# [Saved entries]

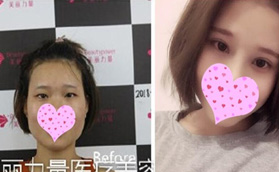 武漢美麗力量馬行給我做的7毫米全切雙眼皮改變還蠻大的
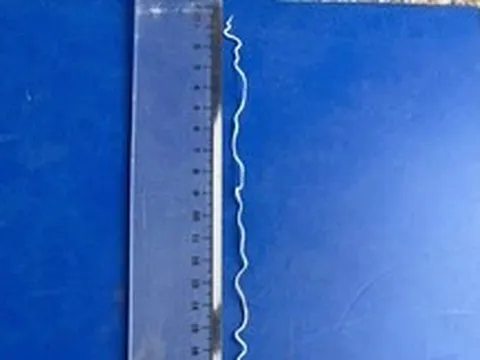 Tự nặn mụn trên cánh tay, phát hiện con giun rồng dài 20cm dưới da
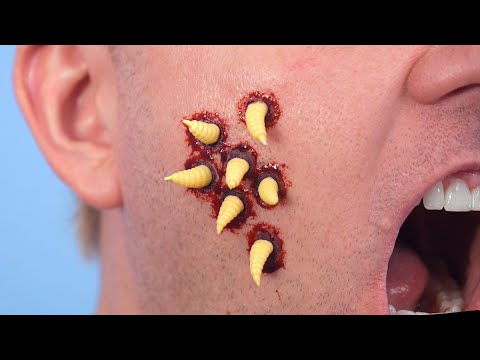 MAGGOTS CRAWL OUT FACE!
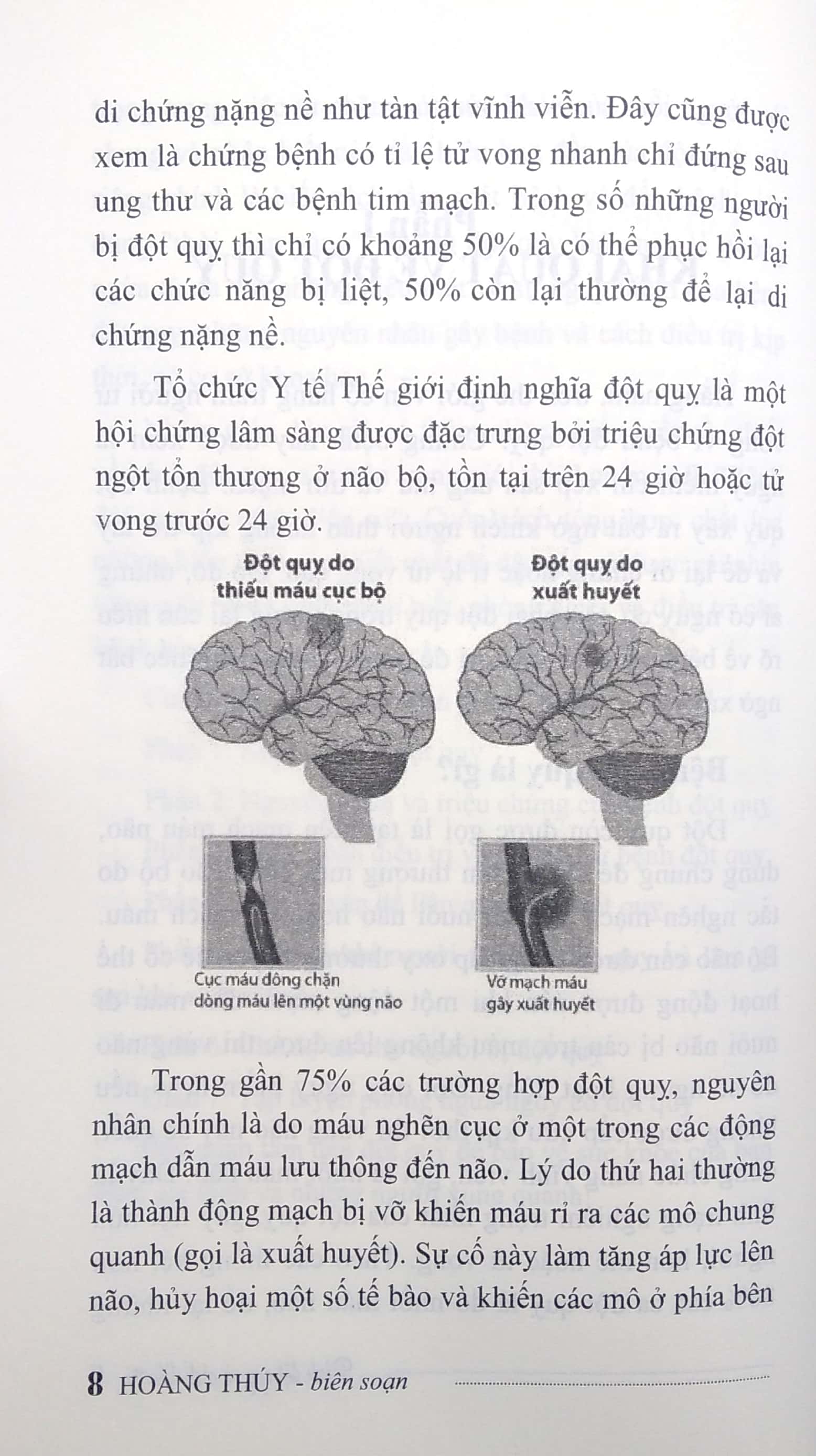 bệnh đột quỵ và cách điều trị - Ảnh 6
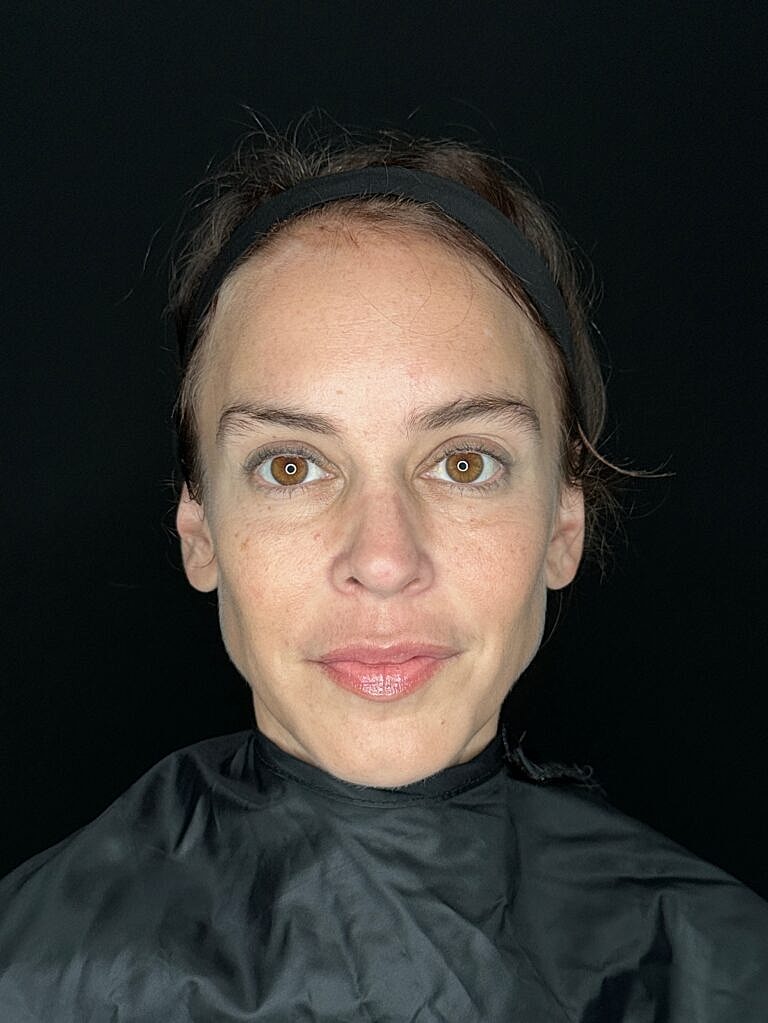 Dermal Fillers Before & After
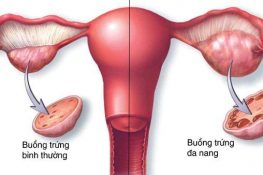 [ Tổng hợp ] 6 Dấu hiệu buồng trứng đa nang ở phụ nữ !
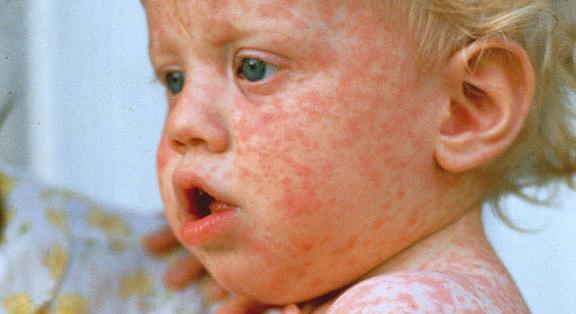 Kanyaró - Tünetek és szövődmények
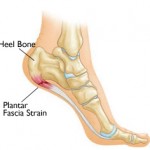 Structural Foot Problems, Heel Pain, foot pain, painful heel, painful foot, painful feet in the morning, plantar fascitis, heel pain treatment, plantar fascitis treatment, orthotics, insoles, plantar fascitis, westminster podiatrist, broomfield podiatrist, denver podiatrist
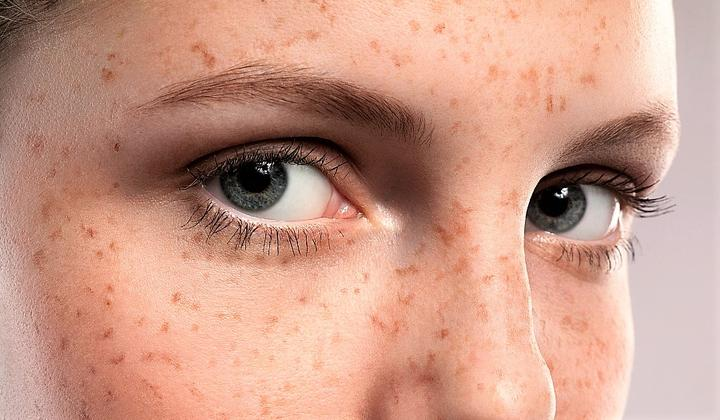 NUBWAY | What is picosecond laser good for?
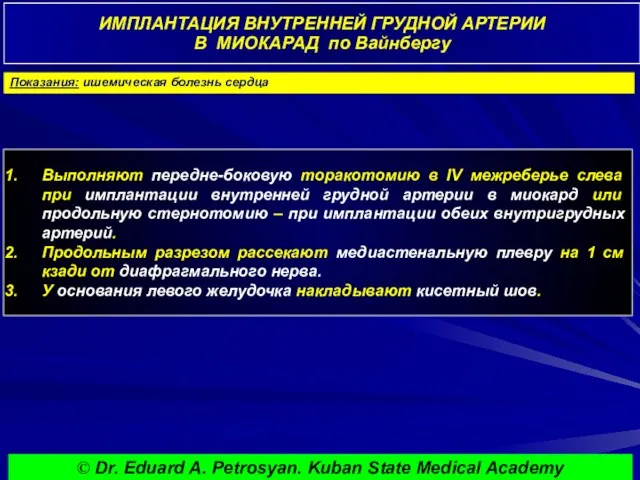 ИМПЛАНТАЦИЯ ВНУТРЕННЕЙ ГРУДНОЙ АРТЕРИИ В МИОКАРАД по Вайнбергу Показания: ишемическая болезнь сердца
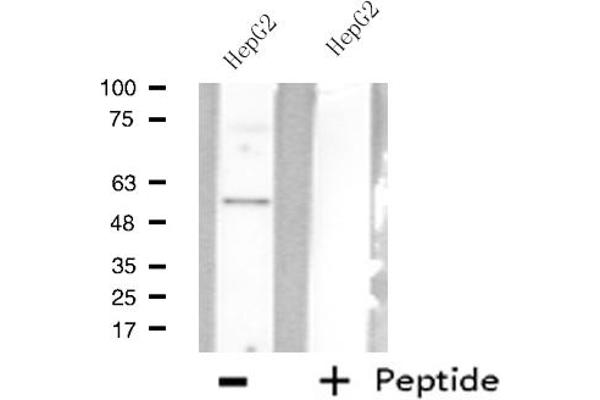 AGXT2L2 antibody  (C-Term)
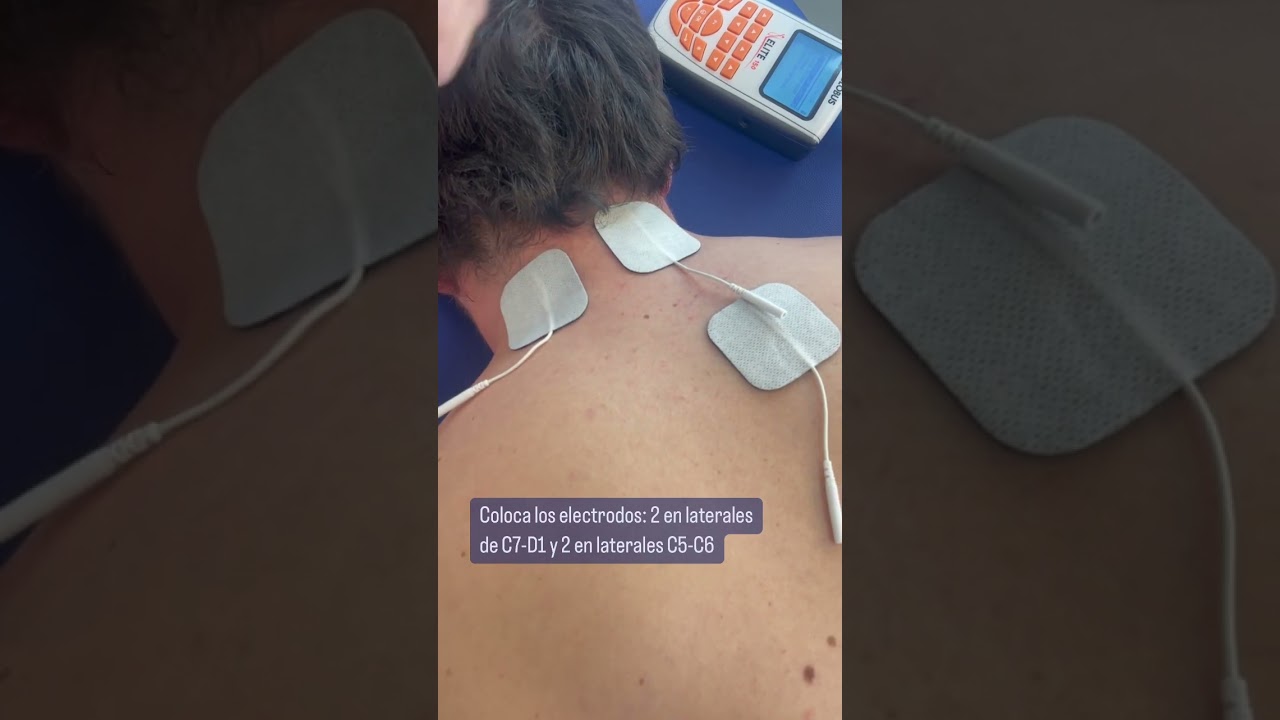 Como tratar el dolor cervical con electroestimulación ! 💥 
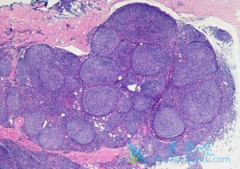 ��������������������/���޻������������ܰ������ߵ���Ч��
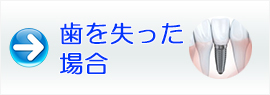 歯を失った場合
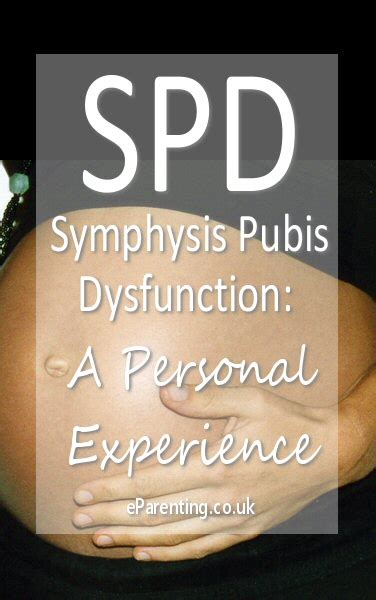 Spd Symphysis Pubis Dysfunction During Pregnancy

# [EXERCISE GOAL]
Reproduce exactly and only the lines from the one with "Structural Foot Problems, Heel" through the last entry, both included, excluding every picture.

# [SOLUTION]
 Structural Foot Problems, Heel Pain, foot pain, painful heel, painful foot, painful feet in the morning, plantar fascitis, heel pain treatment, plantar fascitis treatment, orthotics, insoles, plantar fascitis, westminster podiatrist, broomfield podiatrist, denver podiatrist
 NUBWAY | What is picosecond laser good for?
 ИМПЛАНТАЦИЯ ВНУТРЕННЕЙ ГРУДНОЙ АРТЕРИИ В МИОКАРАД по Вайнбергу Показания: ишемическая болезнь сердца
 AGXT2L2 antibody  (C-Term)
 Como tratar el dolor cervical con electroestimulación ! 💥 
 ��������������������/���޻������������ܰ������ߵ���Ч��
 歯を失った場合
 Spd Symphysis Pubis Dysfunction During Pregnancy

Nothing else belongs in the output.